Trivy
An open-source vulnerability scanner published by Aqua Security; its supply-chain compromise via CVE-2026-33634 in March 2026 allowed UNC6780 to steal credentials accessing Cisco GitHub repositories.
Last refreshed: 20 May 2026 · Appears in 1 active topic
If Trivy holds credentials for every pipeline it scans, is every Trivy user a downstream target?
Timeline for Trivy
UNC6780 takes Cisco AI Defense source code
Cybersecurity: Threats and Defences- What is Trivy and how was it hacked?
- Trivy is a widely used open-source security scanner from Aqua Security. In March 2026 a supply-chain vulnerability (CVE-2026-33634) let UNC6780 compromise Trivy's pipeline integrations, harvesting the developer credentials of every project Trivy audited. Those credentials were then used to steal source code from over 300 Cisco GitHub repositories.Source: GTIG / SANS ISC
- How did a Trivy vulnerability lead to the Cisco hack?
- Trivy holds or processes CI/CD pipeline credentials as part of its scanning function. When UNC6780 exploited CVE-2026-33634 in March 2026, the SANDCLOCK credential stealer harvested GitHub tokens from Trivy's pipeline access. Those tokens gave UNC6780 direct access to clone Cisco's private code repositories.Source: GTIG / SANS ISC
- Should I stop using Trivy after the supply-chain attack?
- Aqua Security has not published a scope assessment specific to which Trivy pipeline integrations were affected by CVE-2026-33634. Users should verify they are running a patched version, rotate any credentials Trivy has access to in their CI/CD pipelines, and audit GitHub tokens for unexpected access.Source: SANS ISC
Background
Trivy is an open-source vulnerability and configuration scanner published by Aqua Security. It scans container images, filesystems, and code repositories for known CVEs, misconfigurations, and secrets, and is widely deployed in enterprise and cloud-native CI/CD pipelines as a standard security gate. Its position in CI/CD pipelines means Trivy typically holds or processes the credentials, tokens, and secrets used by the pipelines it audits.
In March 2026 a supply-chain vulnerability in Trivy, designated CVE-2026-33634, allowed UNC6780 (TeamPCP) to compromise Trivy's pipeline integrations and harvest the GitHub tokens and AWS keys of downstream pipeline users. Those credentials were exfiltrated via the SANDCLOCK credential stealer and subsequently used to clone over 300 private Cisco GitHub repositories, including the source code of Cisco AI Defense and Cisco AI Assistant. Trivy's role as a Universal scanner made it a force-multiplier target: one compromise of the scanner yielded credentials across all projects that trusted it.

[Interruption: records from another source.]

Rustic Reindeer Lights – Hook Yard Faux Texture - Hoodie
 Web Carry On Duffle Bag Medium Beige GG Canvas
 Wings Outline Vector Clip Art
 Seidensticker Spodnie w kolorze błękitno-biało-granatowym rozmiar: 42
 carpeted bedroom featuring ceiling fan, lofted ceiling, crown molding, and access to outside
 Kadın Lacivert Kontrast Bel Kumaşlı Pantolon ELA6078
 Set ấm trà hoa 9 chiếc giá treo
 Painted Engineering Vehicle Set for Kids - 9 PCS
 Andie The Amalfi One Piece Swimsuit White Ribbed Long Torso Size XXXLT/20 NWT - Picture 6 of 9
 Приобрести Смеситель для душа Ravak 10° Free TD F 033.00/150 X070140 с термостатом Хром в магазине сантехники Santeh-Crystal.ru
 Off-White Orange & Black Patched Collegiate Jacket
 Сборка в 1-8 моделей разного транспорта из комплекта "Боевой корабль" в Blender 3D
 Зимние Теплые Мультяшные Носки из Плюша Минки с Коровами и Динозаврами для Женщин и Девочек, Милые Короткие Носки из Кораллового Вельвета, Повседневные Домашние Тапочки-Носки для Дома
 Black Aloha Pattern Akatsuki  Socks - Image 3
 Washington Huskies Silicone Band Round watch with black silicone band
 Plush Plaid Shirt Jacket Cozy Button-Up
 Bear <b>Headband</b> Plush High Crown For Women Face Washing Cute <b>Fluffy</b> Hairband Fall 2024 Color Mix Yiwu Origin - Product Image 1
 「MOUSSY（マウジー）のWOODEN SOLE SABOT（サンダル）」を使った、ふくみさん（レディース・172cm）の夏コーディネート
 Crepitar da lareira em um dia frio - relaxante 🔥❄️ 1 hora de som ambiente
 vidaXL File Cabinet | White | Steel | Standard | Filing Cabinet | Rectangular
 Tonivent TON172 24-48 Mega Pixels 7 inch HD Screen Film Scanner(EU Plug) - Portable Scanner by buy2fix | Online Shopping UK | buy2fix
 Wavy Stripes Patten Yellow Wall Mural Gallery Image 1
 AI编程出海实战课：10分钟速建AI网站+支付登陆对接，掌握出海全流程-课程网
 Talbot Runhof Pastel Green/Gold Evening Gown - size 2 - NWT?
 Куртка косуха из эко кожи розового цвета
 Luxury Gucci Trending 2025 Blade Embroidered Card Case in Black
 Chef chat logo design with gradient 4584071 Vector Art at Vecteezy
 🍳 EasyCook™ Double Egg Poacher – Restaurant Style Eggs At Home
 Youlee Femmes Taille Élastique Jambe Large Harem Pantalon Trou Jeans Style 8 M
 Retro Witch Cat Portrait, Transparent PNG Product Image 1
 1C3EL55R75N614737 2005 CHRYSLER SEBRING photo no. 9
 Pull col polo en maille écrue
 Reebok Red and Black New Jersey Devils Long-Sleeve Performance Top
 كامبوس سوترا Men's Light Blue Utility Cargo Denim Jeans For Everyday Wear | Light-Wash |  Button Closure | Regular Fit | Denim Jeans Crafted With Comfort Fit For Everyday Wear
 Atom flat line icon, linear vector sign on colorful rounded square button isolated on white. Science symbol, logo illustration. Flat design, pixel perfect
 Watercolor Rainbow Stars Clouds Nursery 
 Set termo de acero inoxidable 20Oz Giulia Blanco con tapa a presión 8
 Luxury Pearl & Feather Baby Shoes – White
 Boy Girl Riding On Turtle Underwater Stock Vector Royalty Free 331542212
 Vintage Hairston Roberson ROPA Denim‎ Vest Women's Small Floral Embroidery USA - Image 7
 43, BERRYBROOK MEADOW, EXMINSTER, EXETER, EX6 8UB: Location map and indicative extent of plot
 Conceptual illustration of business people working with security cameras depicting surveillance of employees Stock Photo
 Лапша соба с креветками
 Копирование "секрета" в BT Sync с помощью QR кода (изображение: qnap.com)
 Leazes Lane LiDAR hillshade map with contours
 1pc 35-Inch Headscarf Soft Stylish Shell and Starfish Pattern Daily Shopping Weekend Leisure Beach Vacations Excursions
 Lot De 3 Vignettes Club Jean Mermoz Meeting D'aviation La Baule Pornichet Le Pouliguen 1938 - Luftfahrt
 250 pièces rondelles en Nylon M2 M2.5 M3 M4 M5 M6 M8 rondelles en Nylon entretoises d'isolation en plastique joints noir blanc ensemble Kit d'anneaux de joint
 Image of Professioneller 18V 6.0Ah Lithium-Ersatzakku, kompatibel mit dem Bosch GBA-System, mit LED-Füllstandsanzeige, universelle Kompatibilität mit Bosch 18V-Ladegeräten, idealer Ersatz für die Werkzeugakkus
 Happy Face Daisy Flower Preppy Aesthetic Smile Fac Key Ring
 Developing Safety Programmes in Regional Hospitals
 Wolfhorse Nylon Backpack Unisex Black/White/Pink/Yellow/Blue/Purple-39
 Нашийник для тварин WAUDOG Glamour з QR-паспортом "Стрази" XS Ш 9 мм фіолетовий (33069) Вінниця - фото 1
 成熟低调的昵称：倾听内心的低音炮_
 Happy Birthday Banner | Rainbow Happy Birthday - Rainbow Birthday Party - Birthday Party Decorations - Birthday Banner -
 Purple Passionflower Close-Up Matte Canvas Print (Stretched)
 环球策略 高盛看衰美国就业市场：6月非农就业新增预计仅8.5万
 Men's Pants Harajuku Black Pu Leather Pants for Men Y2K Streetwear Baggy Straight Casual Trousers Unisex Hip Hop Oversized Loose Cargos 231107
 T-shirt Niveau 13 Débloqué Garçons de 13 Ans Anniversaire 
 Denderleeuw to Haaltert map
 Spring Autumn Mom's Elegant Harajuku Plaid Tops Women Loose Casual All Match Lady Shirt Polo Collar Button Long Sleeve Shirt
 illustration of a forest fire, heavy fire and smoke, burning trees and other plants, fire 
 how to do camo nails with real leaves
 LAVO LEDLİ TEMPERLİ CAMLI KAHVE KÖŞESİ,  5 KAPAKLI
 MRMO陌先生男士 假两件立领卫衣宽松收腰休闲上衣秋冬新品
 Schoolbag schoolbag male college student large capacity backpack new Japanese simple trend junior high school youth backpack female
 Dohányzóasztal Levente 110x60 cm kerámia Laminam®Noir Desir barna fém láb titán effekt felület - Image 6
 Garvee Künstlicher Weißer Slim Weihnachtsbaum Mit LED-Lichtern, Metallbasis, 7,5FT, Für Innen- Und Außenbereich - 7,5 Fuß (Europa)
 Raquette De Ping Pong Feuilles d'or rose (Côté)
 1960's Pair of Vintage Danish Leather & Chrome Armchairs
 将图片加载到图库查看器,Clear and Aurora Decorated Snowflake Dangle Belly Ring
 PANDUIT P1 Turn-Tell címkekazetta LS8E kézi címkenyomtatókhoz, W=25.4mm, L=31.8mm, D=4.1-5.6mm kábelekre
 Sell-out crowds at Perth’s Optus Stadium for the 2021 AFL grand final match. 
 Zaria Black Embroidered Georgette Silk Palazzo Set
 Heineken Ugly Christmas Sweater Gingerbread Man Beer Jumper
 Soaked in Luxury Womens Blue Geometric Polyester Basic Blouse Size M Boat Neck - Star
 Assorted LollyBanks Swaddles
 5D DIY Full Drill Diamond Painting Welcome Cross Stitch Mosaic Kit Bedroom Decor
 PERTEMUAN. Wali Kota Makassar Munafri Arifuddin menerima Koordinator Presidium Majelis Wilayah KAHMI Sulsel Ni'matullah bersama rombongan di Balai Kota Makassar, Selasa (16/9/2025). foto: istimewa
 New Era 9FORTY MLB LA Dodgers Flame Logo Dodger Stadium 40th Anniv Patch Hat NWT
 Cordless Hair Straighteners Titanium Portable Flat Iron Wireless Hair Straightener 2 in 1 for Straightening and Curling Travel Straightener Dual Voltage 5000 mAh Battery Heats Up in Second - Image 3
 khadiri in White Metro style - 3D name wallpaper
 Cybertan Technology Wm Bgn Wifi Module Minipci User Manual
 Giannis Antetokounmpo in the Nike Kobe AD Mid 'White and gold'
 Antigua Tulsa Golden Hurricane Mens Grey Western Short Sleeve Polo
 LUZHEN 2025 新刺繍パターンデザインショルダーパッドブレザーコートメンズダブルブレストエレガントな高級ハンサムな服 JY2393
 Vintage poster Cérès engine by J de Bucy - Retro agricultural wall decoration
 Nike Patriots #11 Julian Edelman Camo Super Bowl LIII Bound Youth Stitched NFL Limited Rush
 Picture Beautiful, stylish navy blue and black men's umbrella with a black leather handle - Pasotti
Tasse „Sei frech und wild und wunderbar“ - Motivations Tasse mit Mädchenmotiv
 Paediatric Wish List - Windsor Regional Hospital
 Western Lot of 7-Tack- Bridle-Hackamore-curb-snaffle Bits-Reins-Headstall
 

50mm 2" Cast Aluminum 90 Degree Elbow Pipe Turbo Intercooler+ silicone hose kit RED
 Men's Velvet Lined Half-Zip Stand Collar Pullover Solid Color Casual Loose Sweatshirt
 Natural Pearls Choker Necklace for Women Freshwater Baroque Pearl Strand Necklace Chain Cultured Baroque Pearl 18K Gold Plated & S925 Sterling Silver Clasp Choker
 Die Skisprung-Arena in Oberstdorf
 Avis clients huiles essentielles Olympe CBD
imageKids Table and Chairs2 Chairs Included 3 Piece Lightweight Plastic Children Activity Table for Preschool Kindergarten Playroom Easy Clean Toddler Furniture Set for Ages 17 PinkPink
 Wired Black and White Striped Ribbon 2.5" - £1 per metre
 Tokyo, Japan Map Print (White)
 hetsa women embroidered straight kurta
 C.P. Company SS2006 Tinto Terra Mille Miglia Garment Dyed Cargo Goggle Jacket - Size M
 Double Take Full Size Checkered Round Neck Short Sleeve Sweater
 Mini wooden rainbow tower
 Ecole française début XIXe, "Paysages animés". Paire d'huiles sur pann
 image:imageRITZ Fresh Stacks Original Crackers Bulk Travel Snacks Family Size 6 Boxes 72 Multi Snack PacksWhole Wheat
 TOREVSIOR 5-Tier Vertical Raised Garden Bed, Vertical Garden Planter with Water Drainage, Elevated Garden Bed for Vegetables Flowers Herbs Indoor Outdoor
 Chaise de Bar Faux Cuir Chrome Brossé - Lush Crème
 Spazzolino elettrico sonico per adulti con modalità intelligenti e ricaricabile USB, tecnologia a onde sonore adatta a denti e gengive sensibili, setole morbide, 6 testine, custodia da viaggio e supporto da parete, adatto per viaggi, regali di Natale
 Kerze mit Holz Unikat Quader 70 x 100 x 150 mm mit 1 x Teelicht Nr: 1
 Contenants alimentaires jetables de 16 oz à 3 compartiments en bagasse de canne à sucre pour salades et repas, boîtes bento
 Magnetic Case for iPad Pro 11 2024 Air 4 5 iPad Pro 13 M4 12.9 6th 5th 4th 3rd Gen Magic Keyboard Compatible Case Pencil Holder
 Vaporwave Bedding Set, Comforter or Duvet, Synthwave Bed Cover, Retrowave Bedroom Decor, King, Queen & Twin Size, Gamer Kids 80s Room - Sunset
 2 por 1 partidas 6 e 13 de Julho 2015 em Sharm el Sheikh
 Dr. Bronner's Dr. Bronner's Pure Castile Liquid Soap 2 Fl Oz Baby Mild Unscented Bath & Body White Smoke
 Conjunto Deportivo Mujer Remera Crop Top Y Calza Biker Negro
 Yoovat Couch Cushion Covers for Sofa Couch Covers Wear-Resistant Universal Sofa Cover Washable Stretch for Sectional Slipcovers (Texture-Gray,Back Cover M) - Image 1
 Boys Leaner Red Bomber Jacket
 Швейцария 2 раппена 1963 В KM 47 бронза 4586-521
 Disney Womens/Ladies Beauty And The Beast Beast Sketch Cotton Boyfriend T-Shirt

The Trivy incident illustrates the structural concentration risk of Universal CI/CD tooling. Unlike targeted developer endpoint attacks, compromising a scanner that audits hundreds of pipelines yields credentials across all of them. For the open-source security community, it raises the question of whether open-source security tooling itself requires the kind of supply-chain security controls, Software Bills of Materials, signed releases, and mandatory security audits, that it is designed to enforce on other software.